2011年01月08日 | 日本の山車 左甚五郎
◆左甚五郎 「日光の眠り猫」外伝
 こんなお話があります。日光東照宮の造営に関わっていたときのことです。このときは甲良豊後守(こうらぶんごのかみ・斐太で修行して当代随一の宮大工と言われた人です) 左甚五郎はこの宮大工に招聘されて日光のお仕事を手伝ったようですが、来る日もくる日も山中でのお仕事ですから、もともとあまりまじめ人間ではない左甚五郎は、秋も次第に深まり日も短くなって、宵闇がせまるともうじっとしていられません、赤提灯が恋しくなってきます。そこで仕事場をそっと抜け出して麓の鹿沼宿にやってくるとやれ嬉しや、一軒の飲み屋が目につきました。見ると薄汚い軒の傾いた一軒の飲み屋です。もとは旅籠だったそうですが、主人が若いとき放蕩三昧で、あわれその行く末が今のざまです。と鼻水をすすりながら愚痴をこぼします。
 酒さえあれば店の汚いのなぞ気にしない左甚五郎、ついしばらく酒を断っていたこともあって、ついつい酩酊するまで飲み続け、はてはへべれけになって店の隅で眠り込んでしまいました。
 あくる日になるとすっかり酔いの醒めた甚五郎、案の定、甚五郎には金子の持ち合わせがありません。左甚五郎はそのまま数日滞在しましたが、主人は語気鋭く勘定の支払いをせまりますが支払いなどできようはずがありません。

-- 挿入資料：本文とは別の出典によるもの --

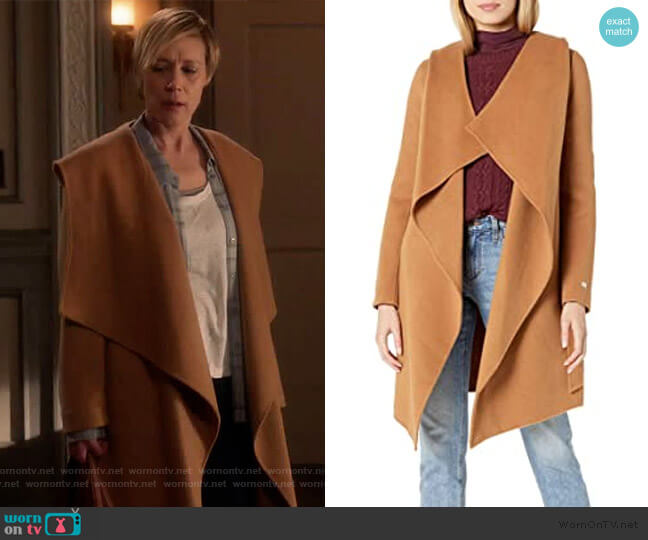 Soia & Kyo SAMIA double-face wool coat worn by Bonnie Winterbottom (Liza Weil) on How to Get Away with Murder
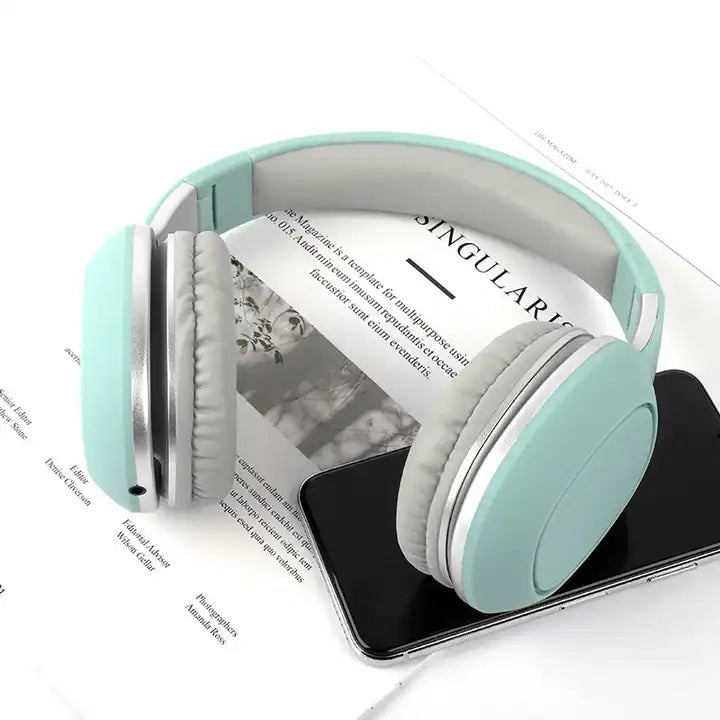 Cascos inalámbricos gaming VQ-SH02 Miccell color verde sobre iPhone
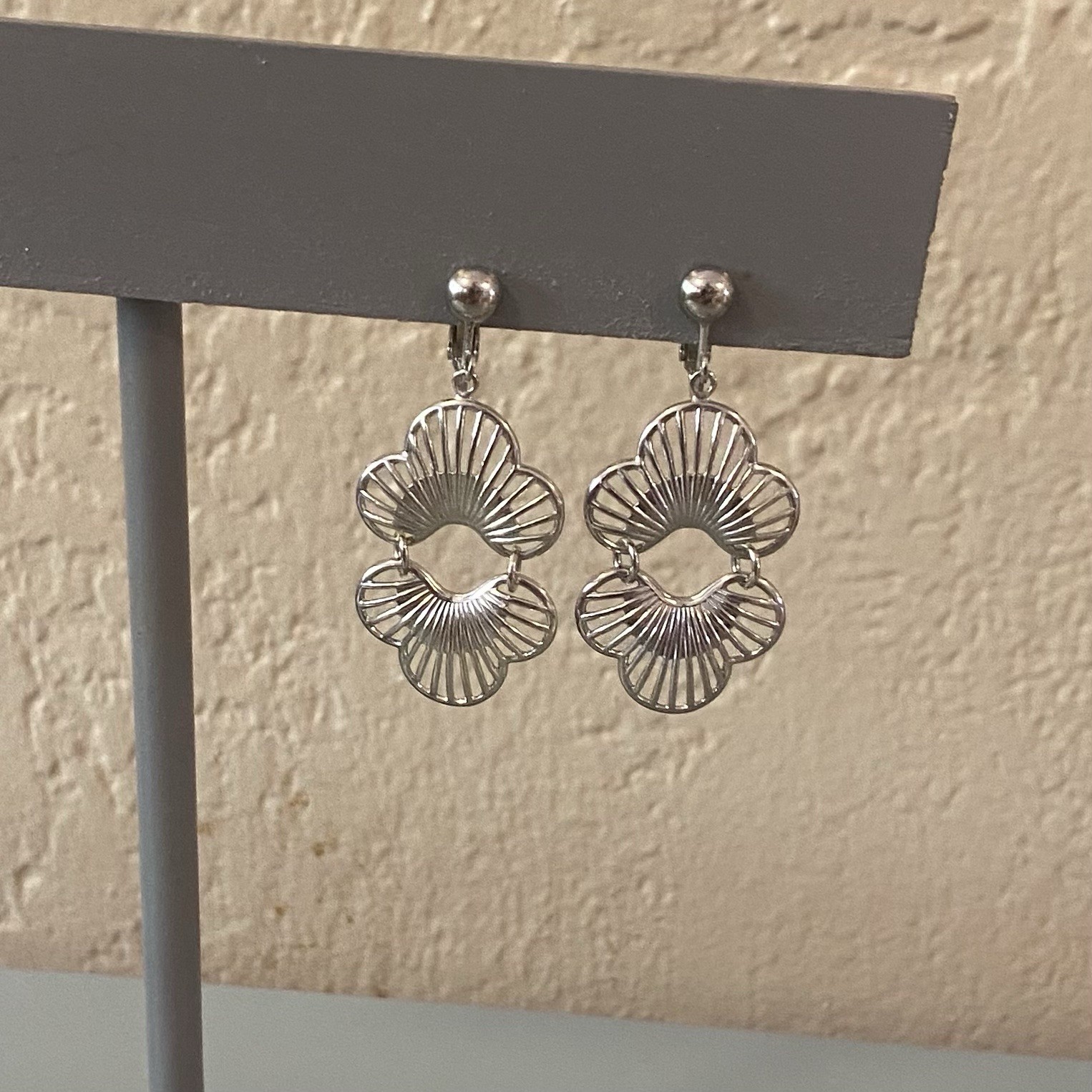 Vintage Sarah Coventry Lotus Blossom Clip-On Dangle Earrings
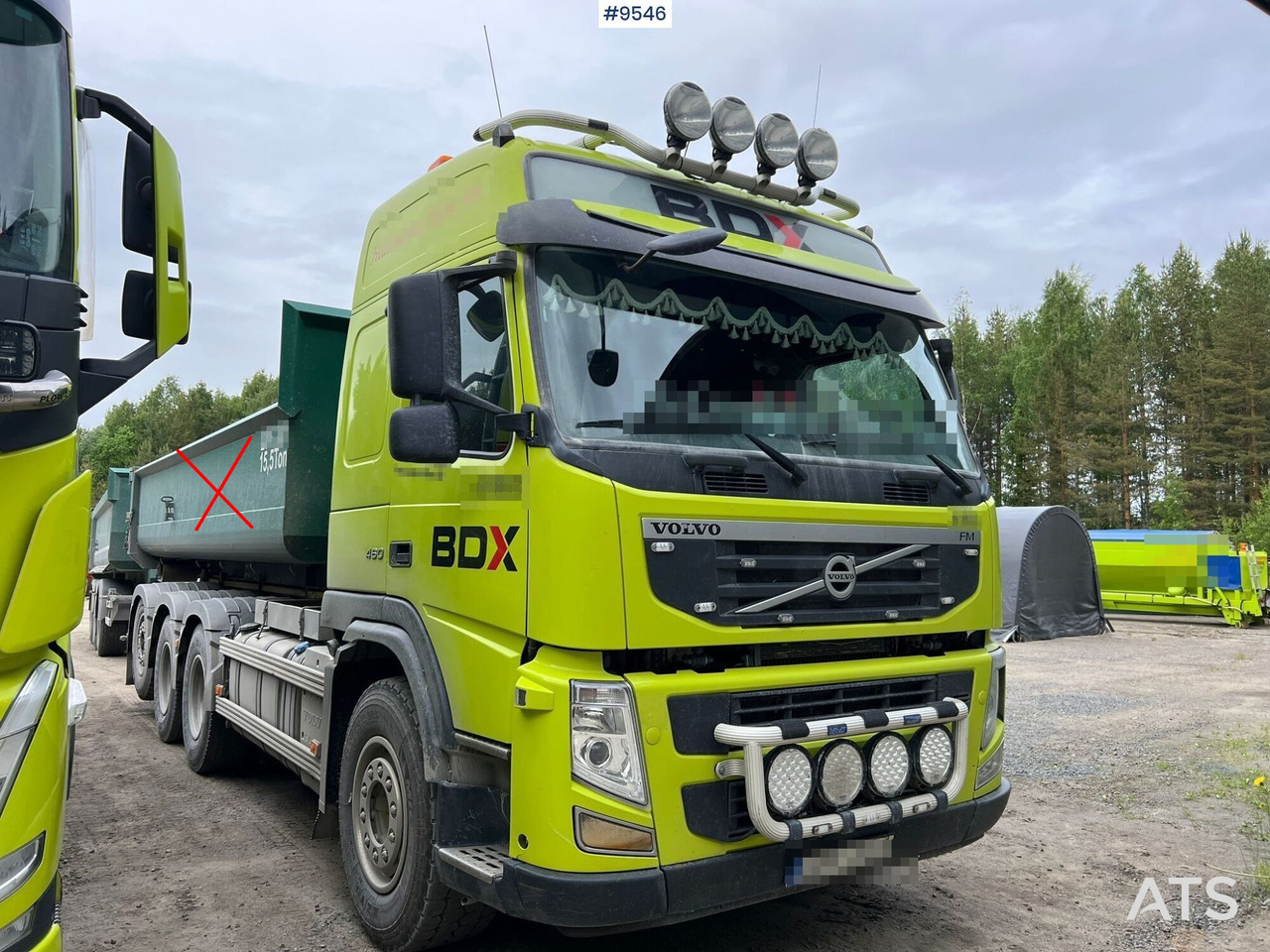 Volvo FM 8*4 Tridem Lastväxlare - Camion ampliroll: photos 2 Volvo FM 8*4 Tridem Lastväxlare - Camion ampliroll: photos 2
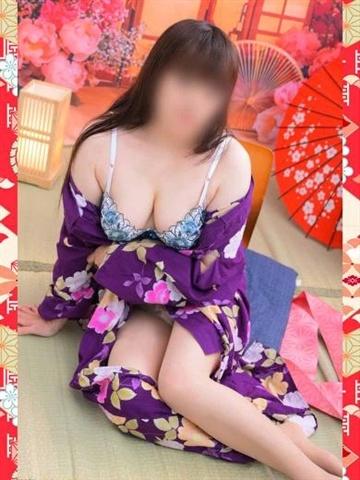 夜桜つゆり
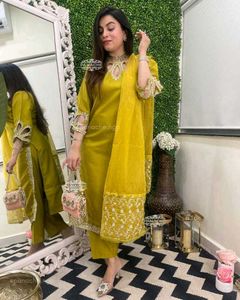 Available In 4 Colour Beautiful Festival Special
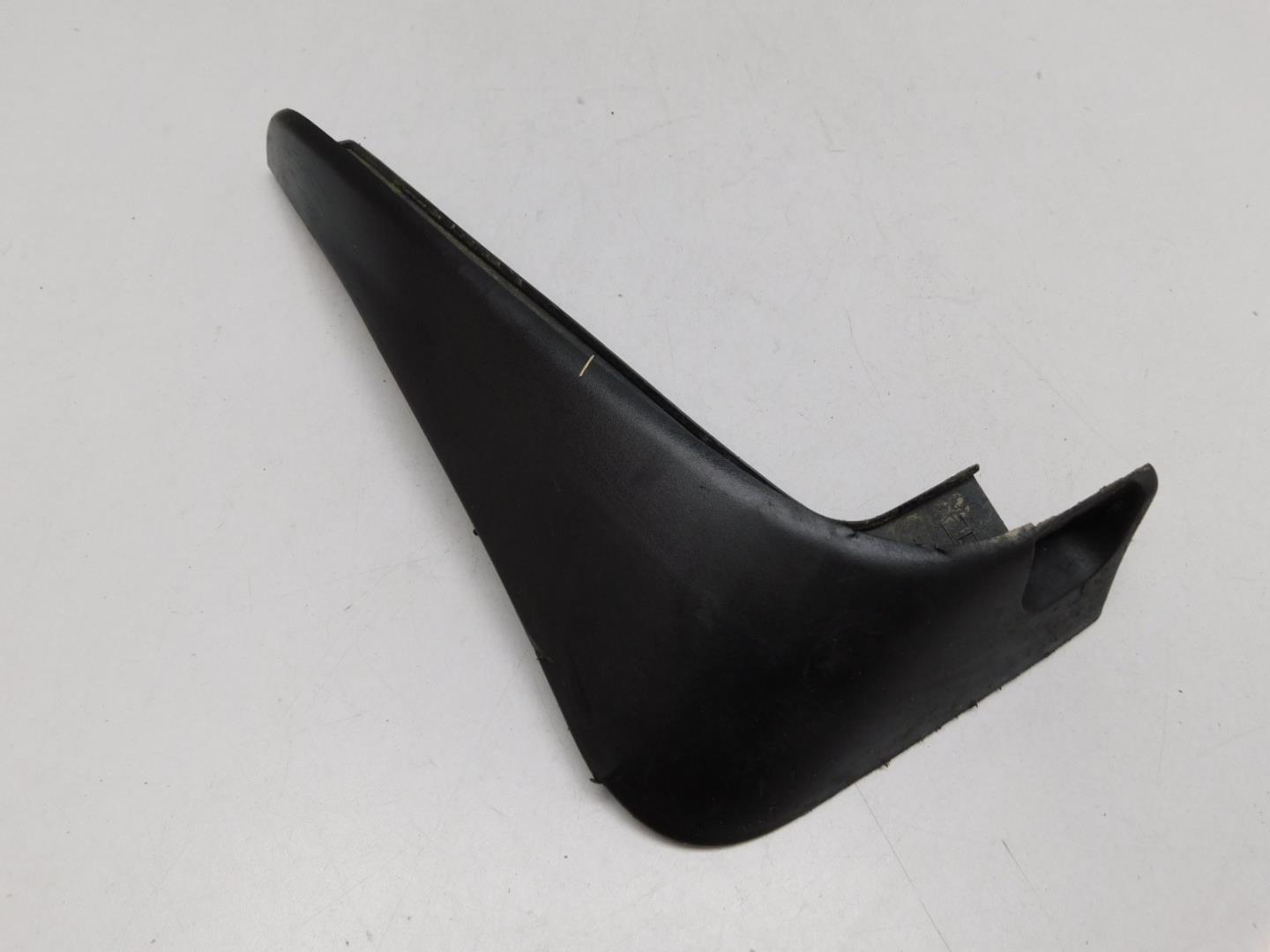 Брызговик задний левый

このあいだに見るからにみすぼらしい一匹の猫を彫り上げました。甚五郎はやおらこの猫を主人に示し、これを勘定代わりにとってくれと差しだしました。主人はそれを手にとって、しげしげと見つめていましたが、どう見ても猫には見えない…? しかし、言われてみれば猫が体を丸めて薄目を瞑って居る姿に見えなくもない。主人は怒って甚五郎を裸にし、大切に持っていた宇多國長が鍛えた一本の鑿まで取り上げてしまったのです。これにはさすがの左甚五郎も困り果てました。
 左甚五郎は、同情した宿場女郎の情けで昼はどうやら人目を避けることができました。 さて、夜も更けて、深夜になると飲み屋の外まで来て小さな声で「ちゅう」と呼びかけると、中から猫が「にゃあ~お」と応じ、右手で閂をはずしそっと戸を引きあけて、「おいでおいで」をして左甚五郎を中に入れてくれました。
 おかげで甚五郎は着物と鑿を取り戻し、一目散に日光に逃げ帰ったのでした。
 いつとはなしにこの話が伝わると一目見んものと人々が押し寄せてくるようになります。 戸口の外に立って人々が「ちゅう」とないてみせると、「にゃあ~お」と啼いて、戸がスルスルと引き開けられ、お礼に一文銭を投げ込むと、猫がうっすら眼を開いて、にっこりと笑い、右手を挙げてバイバイをして戸を閉めたといいますが、これは後の作り話でしょう。
 さあこれが評判になって人々が押し寄せ、たいへんな騒ぎになりました。一目見んものと押しかけた人が行列を作り、嘘か真か、延々と徳次良(とくじら)のあたりまで続いたといいます。見そびれた人たちは鹿沼宿にわらじを脱ぎましたから、旅籠も大繁盛。飲み屋の主人は、かの宿場女郎と語らい、一番から百番まで番号をつけ、この木札を持った人を優先的に扱うようにしましたから、遊郭も大繁盛しました。現在の石橋町のあたりだったと言いますが、現在ではどのあたりになるでしょうか・
 この話が将軍様のお耳に入って、左甚五郎の彫った猫はお召しあげとなって、日光東照宮の霊廟に通じる長押の上に飾られることとなりました。このとき猫らしく綺麗に着色されたのですが、猫は気に入らないらしく、その後はずっと不貞寝をしたままになりました。飲み屋の親父は、「飢えた虎はよたよた歩くというが、まったく惜しいことをしたわい。それにしても甚五郎先生にはすまないことをした」と語っていたそうです。
 のちに、ひとびとはこれを【左甚五郎作の日光の眠り猫】と呼ぶようになりました。
 お粗末ながら【左甚五郎作の日光の眠り猫】の外伝でございます。